Ao exato oposto, a morte e o destino de Cristo são a ressurreição da vida: a vitória sobre o mal. Quem aceita esse fato, participa da ressurreição da vida. Quem, não compreendendo, não o aceita, destrói o mundo.
Mas dizer que Cristo “venceu” é uma expressão estranha para o homem e, desse modo, chegamos a ela como a uma saída misteriosa, que permanece mistério enquanto o Pai o quiser, enquanto o mistério de Deus não se revelar. E quando se revelar, será o fim, o fim do mundo. Para poder dizer: “Venceu”, o homem deve fazer uma escolha: a escolha de que o bem triunfe sobre o mal. A escolha do bem e não o insistente destaque dado ao mal. E é inegável que isso seja justo: a priori é justo, não é uma explicação que nós possamos dar, mas algo que reconhecemos.

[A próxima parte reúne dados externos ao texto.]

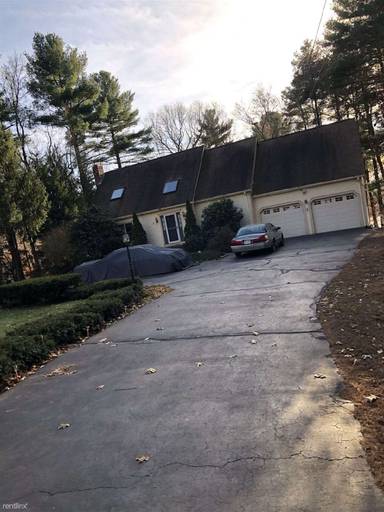 Main picture of 147 Creek St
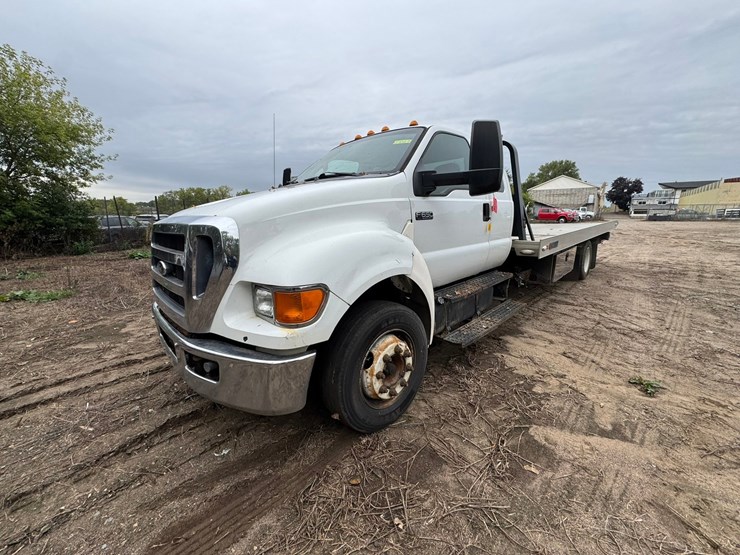 2015-ford-f650-image-1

Exatamente por isso a história dos Estados Unidos nos ensina uma positividade da vida que serve de exemplo para todo o resto do mundo. E nos ensina também que se falta o senso do todo, infinitas serão as possibilidades de rebelião e de massacre.

Deus, o Senhor, me faz chegar à certeza da fé: que a amizade de Deus comigo, com o homem, não pode ser colocada em discussão por nada (desde o início Deus veio à Terra escolhendo para si um povo, uma nação predileta para levar o mundo a uma realização que, de outro modo, jamais teria acontecido). Pensar que pouco antes de morrer Jesus tenha dito: “Amigo!”, a Judas que o traía, é uma coisa do outro mundo. Assim fala o Salmo 17: “Louvai o Senhor porque é bom, eterna é a sua misericórdia”. É uma coisa do outro mundo. Nestes dias pensava em Maximiliano Kolbe, que diz ao capitão alemão: “Você deve matar dez, eu substituirei um que tem filhos...”. E o alemão aceita a oferta. Se Hitler estivesse ali naquele instante, certamente não teria premiado aquele capitão... O capitão alemão tinha aplicado uma idéia de justiça que não era a de Hitler; aceitando a troca, expressava o sentimento natural de um homem que bem podia ter filhos como aquele condenado. A Igreja canonizou padre Kolbe porque fez justiça a si próprio diante de Deus. Como foi para Nossa Senhora, que para mim continua a ser o vértice daquela evolução do eu que se chama santidade. Por isso, perante qualquer desastre ou limite, um homem pode afirmar com segurança que a vida é justa porque vai misteriosamente, mas seguramente, rumo ao seu destino de positividade.